Original assignee: ULTIMIZERS Inc
Current assignee: ULTIMIZERS Inc
Priority date: 2002-02-20
Filing date: 2002-02-20
Publication date: 2003-08-21

Abstract

An automatic cutoff saw includes a workpiece positioner comprising a plurality synchronized conveying belts driven by a single motor to position a workpiece for cutting by reciprocating, rotating saw blade.

Description

BACKGROUND OF THE INVENTION

The present invention relates to an automatic cutoff saw and, more particularly, to an improved workpiece positioner and cutting mechanism for an automatic cutoff saw.

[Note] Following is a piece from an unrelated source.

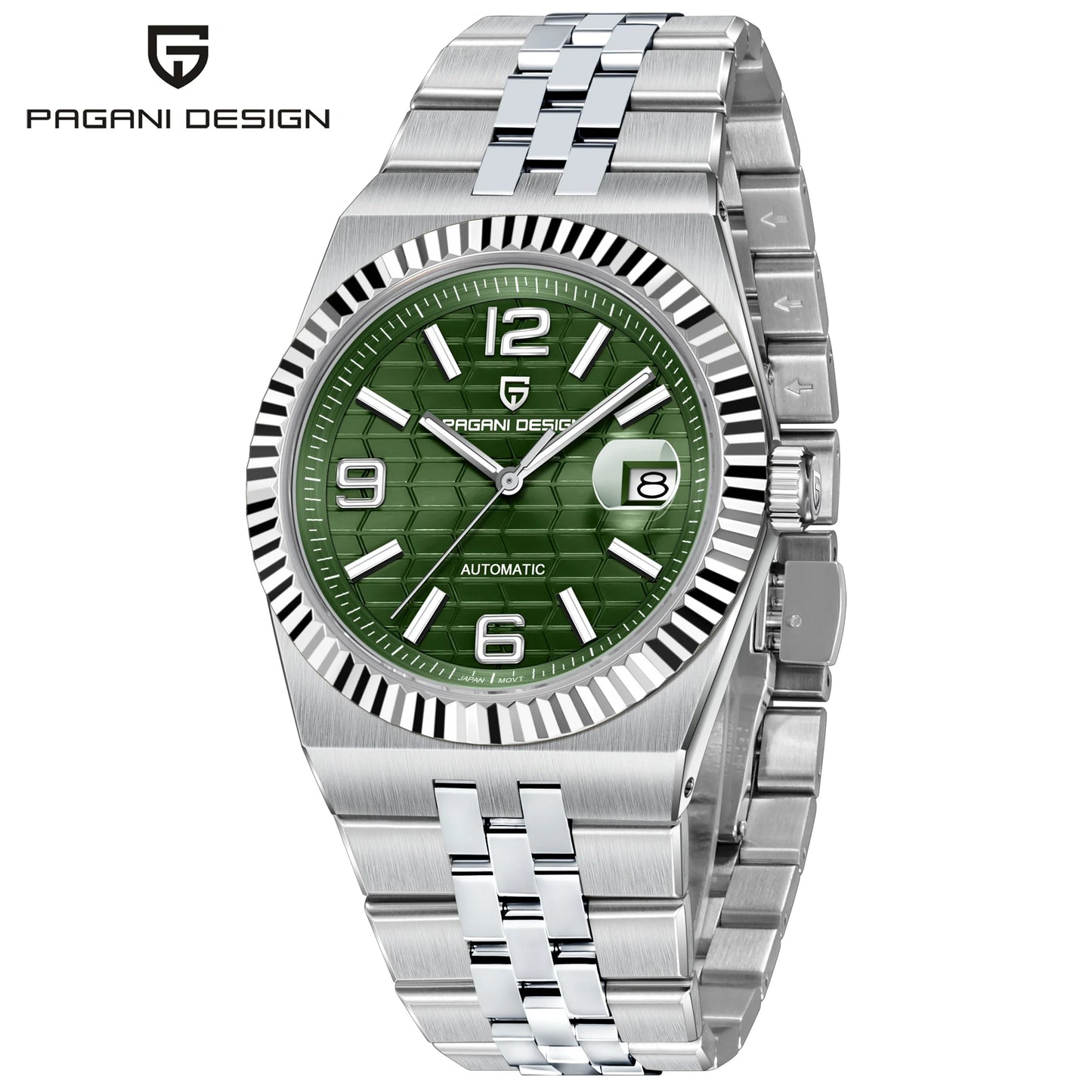 PAGANI DESIGN Men Watches 2025 New 3D Rhombus Dial Automatic Watch Men Stainless steel Mechanical Wristwatch Men For MIYOTA 8215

An automatic cutoff saw automatically positions a workpiece so that a cutting mechanism can cut the workpiece to a preselected length. Typically, a workpiece positioner for an automatic cutoff saw includes an infeed to move a workpiece horizontally into position for cutting and restraining the workpiece while the cutting mechanism cuts the workpiece to length and an outfeed to move the cut workpiece away from the cutting mechanism. The cutting mechanism is commonly a rotating saw blade that is reciprocated horizontally or vertically so that the cutting elements of the blade are displaced through a cross-section of the workpiece. The productivity of an automatic cutoff saw is determined, in part, by the speed with which the workpiece positioner can accurately position a workpiece and the time interval required to move the cutting elements of a saw blade across a section of the workpiece and return the blade to a position where the workpiece positioner can move the next workpiece into position for cutting without interference.

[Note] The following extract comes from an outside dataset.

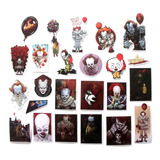 Set 24 Stickers Calcomanias Eso It El Payaso Diabolico Terro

In U.S. Pat. No. 5,181,445, incorporated herein by reference, the present inventor disclosed a workpiece positioner for a cutoff saw comprising a plurality of powered conveying belts in contact with the top and bottom surfaces of a workpiece. The workpiece is moved into position and restrained during cutting by friction between the conveying belts and the workpiece. The cutting mechanism includes a rotating saw blade that is raised from below the workpiece to cut the workpiece and then lowered to a clearance position by a pneumatic actuator. A programmable controller starts and stops the conveying belts of the workpiece positioner to position the workpiece relative to the cutting plane of the cutting mechanism and controls the reciprocation of the cutting mechanism to cut the workpiece to length.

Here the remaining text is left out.